How do teachers react to the play?
RAYMOND: I did get a reaction from my algebra teacher who came to see a show that we did at National Black Theater, and she was like, "That was disturbingly accurate." And that was literally what she just said.
What was your reaction when you learned about the CFE case?
VANESSA: "Really? Really?!" I think that was just going on in our minds. Because while there's a lawsuit — OK, great, we won. So, where's the money? Why do we still have crashing computers? Why do we still run out of paper? We looked at each other and we said, "This isn't normal." We think it's normal because this is what we face every day. Especially the ZIP code our school is in, we expect barely OK. That's what we have been used to. But now doing this play and learning about it, that is not OK.
RAYMOND: We were all just so caught up on the words "minimally adequate" [from the court ruling]. It's like, don't we at least deserve adequate or better than that?

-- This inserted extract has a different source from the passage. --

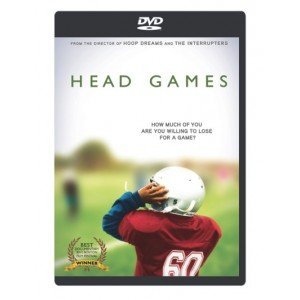 Chris Nowinski Bob Costas Robert Cantu Alan Schwar/Head Games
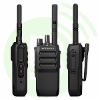 Talkies-Walkies MOTOROLA Portatif radio VHF numérique R5 NKP IP67 - Prochainement disponible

VANESSA: 'Cause minimally adequate to us is the same thing as saying, "I mean, you could have minimally adequate teachers." It's kind of like, "Uh, your teachers can be OK. You don't need great teachers, superb teachers — you need OK teachers."
The CFE case is still going on. What are the solutions?
VANESSA: That's a hard question. I think what everyone is trying to accomplish is a sound basic education. An education where we don't have to go all the way to Manhattan because we think the ZIP code is better, so there must be a better school.
RAYMOND: We are expecting to spread the word as much as possible. Once we do that, once enough people hear about it ... see the problems that New York City kids are going through, and kids all around the United States are going through, then people can finally, as we said in the play, stand up and stop standing down. And they can finally fight for what's right for us.
VANESSA: This is your right. You have the right to have a voice, and we are here to tell you that you do have it. So please join us and say this is what's wrong in my school and we have to change it, because if our generation doesn't take it, you know, we can't leave the next generation to.